The first act is done in short scenes, fourteen of them, each closed by a semi-blackout. The scenes depict aspects of life in captivity; the stage crew added utilitarian chairs and tables when needed.
Robin Owens, the principal character, is portrayed by Rita Manyette, in her Players by the Sea debut. She has previously appeared in a number of professional stage and screen productions. She first met Brown when performing in the 5 & Dime’s “Elegies: For Angels, Punks and Raging Queens,” and has since collaborated with him and Ramdeen on a number of film projects. Manyette’s performance conveyed the deep pain and disorientation experienced by a woman facing a bleak future without options.

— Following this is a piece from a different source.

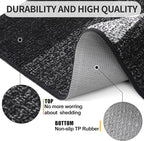 Kitinjoy Indoor Outdoor Door Mat, 59x36 Non-Slip Absorbent Dirt Trapper - Image 3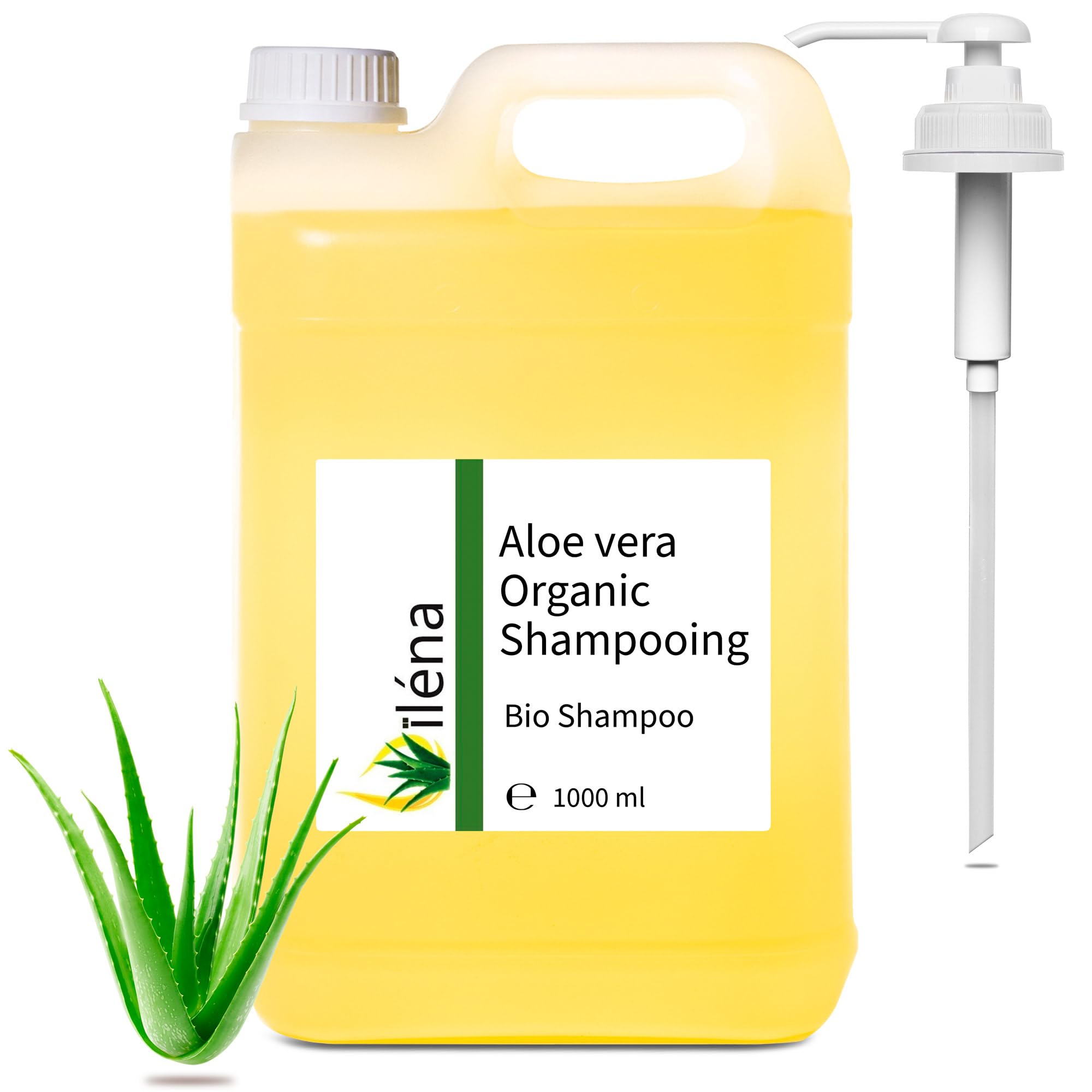 Organic Shampoo, with Aloe Vera, Argan, Vitamins, Sulfate and Silicone Free, Hair Loss Prevention, Boosts Volume, Shine, Ideal for Normal to Oily Hair, 1000 ml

The first scene begins with Robin in jail dreaming about Bethany (Ashley Leake), her young daughter, who is dancing. The scenes that follow show the prisoners engaged in various activities, as they play cards in the recreation room, work in the laundry (for thirty cents a day), use the two pay phones, eat in the cafeteria (while trying to avoid brawls with bullies), participate in exercise sessions, and talk with social workers.
Robin confides the details of her arrest to one of her friends. After divorcing her abusive husband, she began dating a guy she met on the internet. Unknown to her, he downloaded pornographic images of children to her computer, leading to her arrest. While she was found guilty, he was never charged. Her ex-husband has regained custody of their daughter, and he refuses to allow her to have any contact with her mother: no visits, no telephone calls, no letters.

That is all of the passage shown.